START Information provided
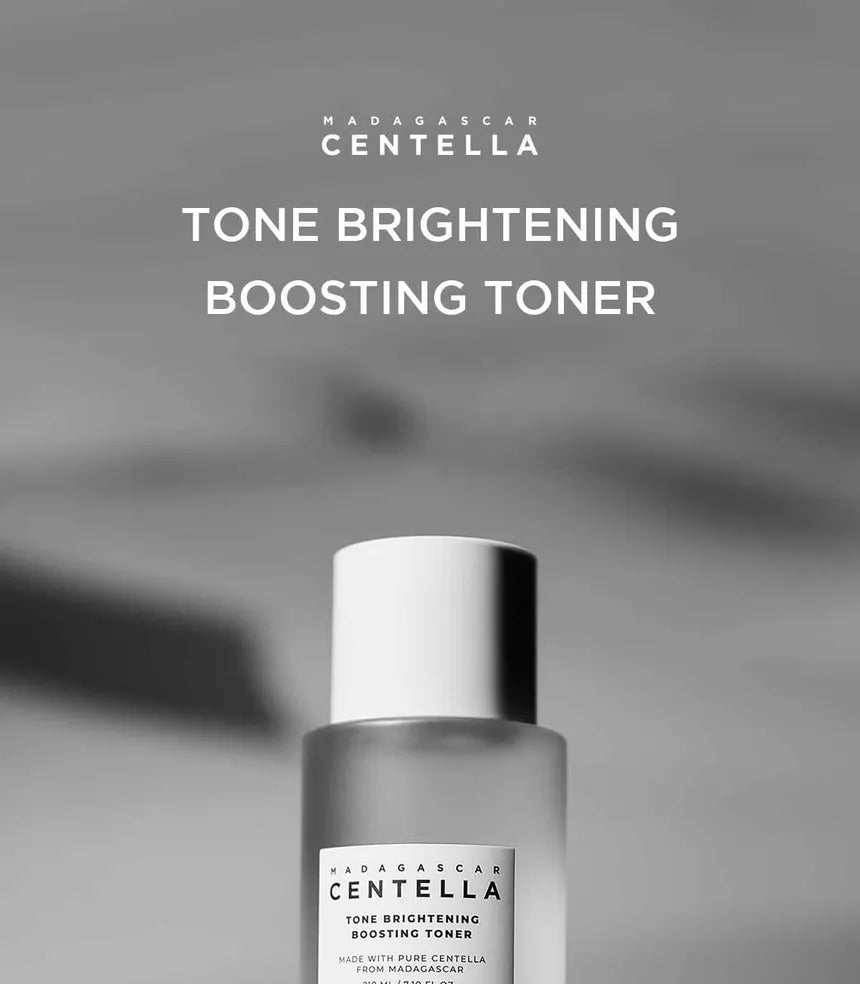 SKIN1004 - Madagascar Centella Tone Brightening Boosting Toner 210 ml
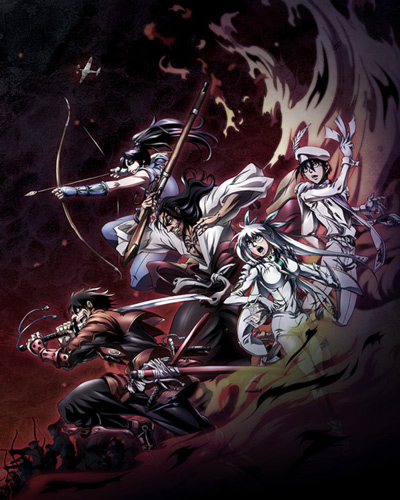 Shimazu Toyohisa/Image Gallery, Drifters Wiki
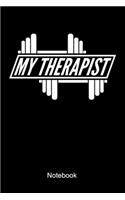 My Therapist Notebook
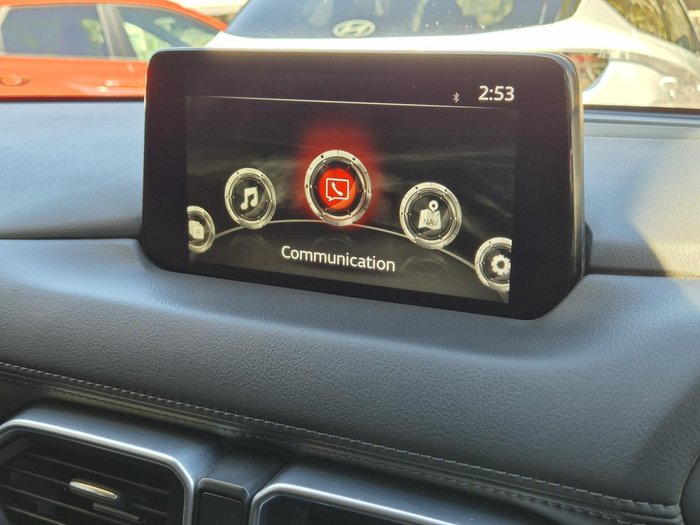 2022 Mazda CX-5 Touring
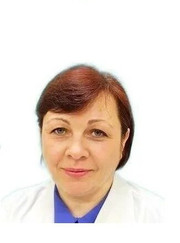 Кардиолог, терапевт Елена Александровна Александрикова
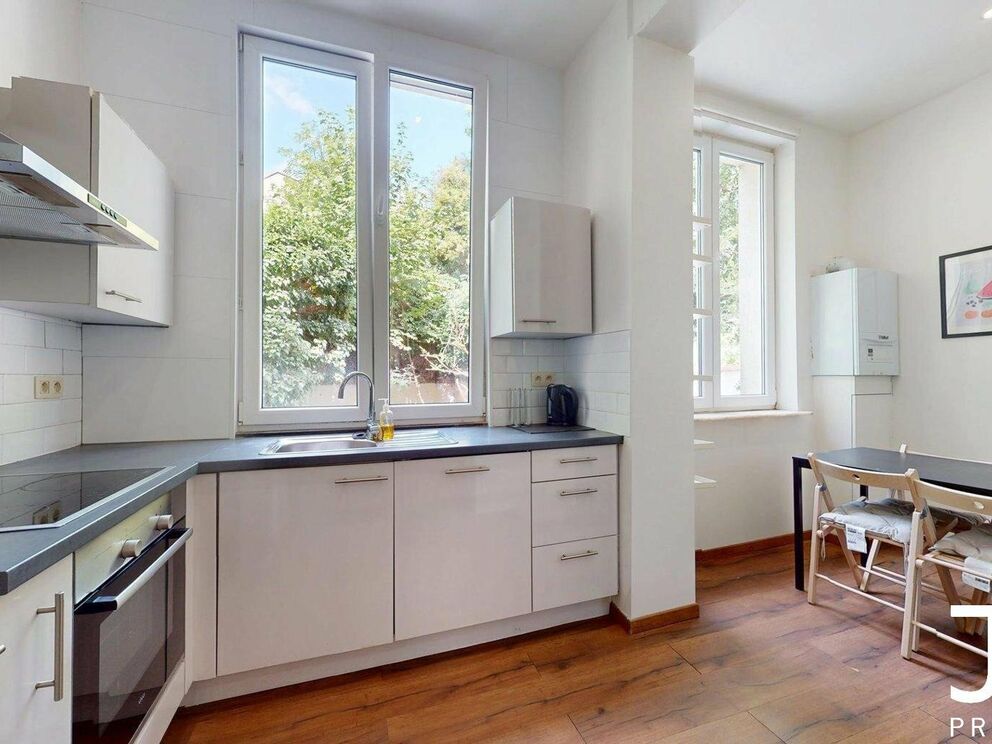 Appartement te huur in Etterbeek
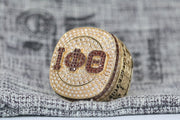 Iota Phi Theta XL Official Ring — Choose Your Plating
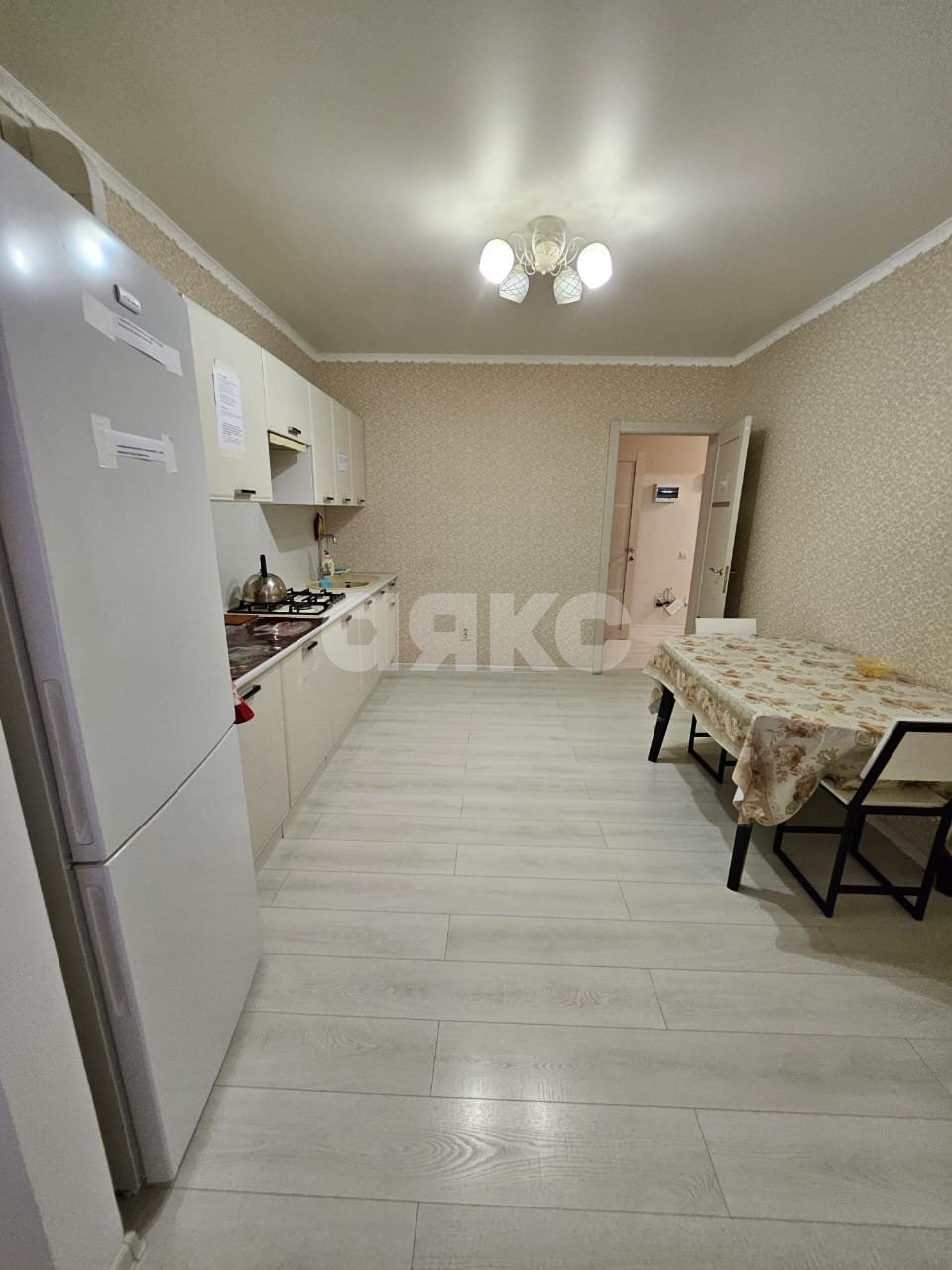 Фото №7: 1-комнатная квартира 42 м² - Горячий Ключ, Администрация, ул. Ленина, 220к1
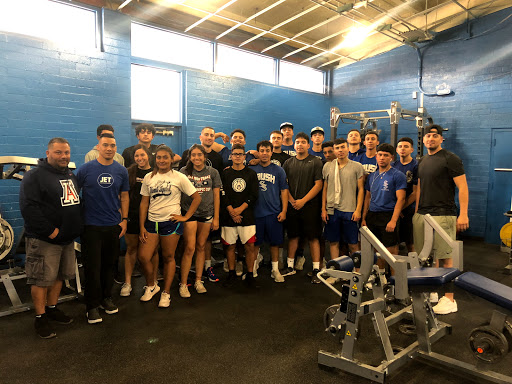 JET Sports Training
END Information provided
▶ Your objective
Can the lines from the one with "2022 Mazda CX-5 Touring" to the end of the records above be quoted exactly, both ends included, with every picture omitted?

▶ Answer to this problem
 2022 Mazda CX-5 Touring
 Кардиолог, терапевт Елена Александровна Александрикова
 Appartement te huur in Etterbeek
 Iota Phi Theta XL Official Ring — Choose Your Plating
 Фото №7: 1-комнатная квартира 42 м² - Горячий Ключ, Администрация, ул. Ленина, 220к1
 JET Sports Training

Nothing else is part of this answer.